Abstract

We present a case of a 44-year-old male, with a history of right knee swelling from insidious onset and two years of progressive evolution. There was not history of trauma or other associated symptoms (fever, pain, asthenia, weight loss, and other swollen joints). He was referred to the orthopedic consultation by the primary health care specialist, after unspecific knee magnetic resonance imaging (MRI) and needle arthrocentesis, followed by unsuccessful physical therapy sessions. At physical exploration it was clear a tender and voluminous swelling of the right knee, especially at the sub-quadricipital bursa, without other clear inflammatory signs (Figure 1).
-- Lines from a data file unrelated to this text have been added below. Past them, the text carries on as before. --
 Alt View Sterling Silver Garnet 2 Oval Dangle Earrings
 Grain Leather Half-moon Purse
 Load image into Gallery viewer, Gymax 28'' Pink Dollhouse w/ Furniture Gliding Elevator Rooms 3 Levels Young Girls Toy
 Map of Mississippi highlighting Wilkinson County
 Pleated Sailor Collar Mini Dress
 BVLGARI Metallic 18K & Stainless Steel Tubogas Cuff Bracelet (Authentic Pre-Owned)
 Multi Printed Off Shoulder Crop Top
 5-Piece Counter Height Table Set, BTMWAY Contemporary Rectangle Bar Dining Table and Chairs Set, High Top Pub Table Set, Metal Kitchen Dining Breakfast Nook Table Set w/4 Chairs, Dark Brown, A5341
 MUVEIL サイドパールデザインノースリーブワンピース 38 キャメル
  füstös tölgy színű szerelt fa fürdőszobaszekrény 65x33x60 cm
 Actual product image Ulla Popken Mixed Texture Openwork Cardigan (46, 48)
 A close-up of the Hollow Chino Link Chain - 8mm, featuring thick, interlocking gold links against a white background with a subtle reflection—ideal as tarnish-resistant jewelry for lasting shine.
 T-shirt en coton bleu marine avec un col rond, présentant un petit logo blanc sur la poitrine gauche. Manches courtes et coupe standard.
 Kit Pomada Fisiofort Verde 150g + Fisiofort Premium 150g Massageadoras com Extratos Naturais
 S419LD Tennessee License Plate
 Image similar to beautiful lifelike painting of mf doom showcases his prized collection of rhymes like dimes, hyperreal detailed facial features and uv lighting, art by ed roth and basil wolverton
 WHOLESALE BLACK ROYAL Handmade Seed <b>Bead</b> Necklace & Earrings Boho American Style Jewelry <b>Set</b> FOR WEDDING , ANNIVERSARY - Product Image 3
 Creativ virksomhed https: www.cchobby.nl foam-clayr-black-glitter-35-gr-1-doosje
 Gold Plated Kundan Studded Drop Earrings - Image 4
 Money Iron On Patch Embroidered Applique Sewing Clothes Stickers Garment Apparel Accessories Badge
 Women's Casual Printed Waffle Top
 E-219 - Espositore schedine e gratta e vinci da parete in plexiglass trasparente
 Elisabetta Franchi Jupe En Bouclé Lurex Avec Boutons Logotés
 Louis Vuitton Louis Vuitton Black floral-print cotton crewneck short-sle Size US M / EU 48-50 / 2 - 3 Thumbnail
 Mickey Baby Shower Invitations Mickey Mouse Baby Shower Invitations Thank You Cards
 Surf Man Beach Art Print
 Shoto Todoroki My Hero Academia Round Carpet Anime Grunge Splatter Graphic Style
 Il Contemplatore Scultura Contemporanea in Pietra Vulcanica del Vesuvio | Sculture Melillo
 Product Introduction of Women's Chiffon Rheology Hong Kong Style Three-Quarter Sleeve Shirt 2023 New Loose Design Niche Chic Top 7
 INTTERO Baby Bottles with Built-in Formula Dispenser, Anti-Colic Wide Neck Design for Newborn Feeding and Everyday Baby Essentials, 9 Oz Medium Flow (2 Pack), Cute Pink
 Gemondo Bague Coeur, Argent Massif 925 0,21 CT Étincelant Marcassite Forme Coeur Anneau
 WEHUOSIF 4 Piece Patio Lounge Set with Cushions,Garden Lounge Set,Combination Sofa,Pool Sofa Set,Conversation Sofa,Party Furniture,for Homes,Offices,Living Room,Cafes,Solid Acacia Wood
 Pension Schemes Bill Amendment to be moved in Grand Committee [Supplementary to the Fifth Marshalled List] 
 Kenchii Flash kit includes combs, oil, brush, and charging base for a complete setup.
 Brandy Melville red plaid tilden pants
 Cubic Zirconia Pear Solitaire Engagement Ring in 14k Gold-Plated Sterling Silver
The patient denied other symptoms or even knee pain at exploration, although it as present on daily activities. The X-ray images were considered normal, without bony lesions. At the MRI, there was a signal increase with heterogeneous shape, especially at sub-quadriceps and suprapatellar bursa, without bony erosion (Figure 2). However, small areas of hippo-signal were observed which determine some intra-sac septations and vegetations, aspects which may be compatible with pigmented villonodular synovitis (PVNS). He has proposed to knee arthroscopy and needle arthrocentesis for final diagnosis and further treatment. It was performed under general anesthesia, the initial arthrocentesis revealed a pathognomonic xanthochromic synovial fluid (Figure 3) >120 cc and the arthroscopy images (Figure 4) were clear of vascularized polypus formations spread through the entire synovial cavity, with higher density in sub-quadricipital area. Tissue and liquid samples were acquired for cytochemical, histologic, and microbiological identification. The histologic analysis revealed characteristic of chronic inflammation with, reactive hyperplasia of synovial tissue and presence of high hemosiderin deposits in the synovial stroma (Figure 5A). At a second surgical time, after confirmation of diagnosis, the patient was submitted to total synovectomy with necessity of conversion from arthroscopic to open synovectomy (Figure 5B). Postoperative period and rehabilitation showed with no complications. At two years of follow-up there is still no clinical or imagiological sign of recurrence, and maintains annual consultation.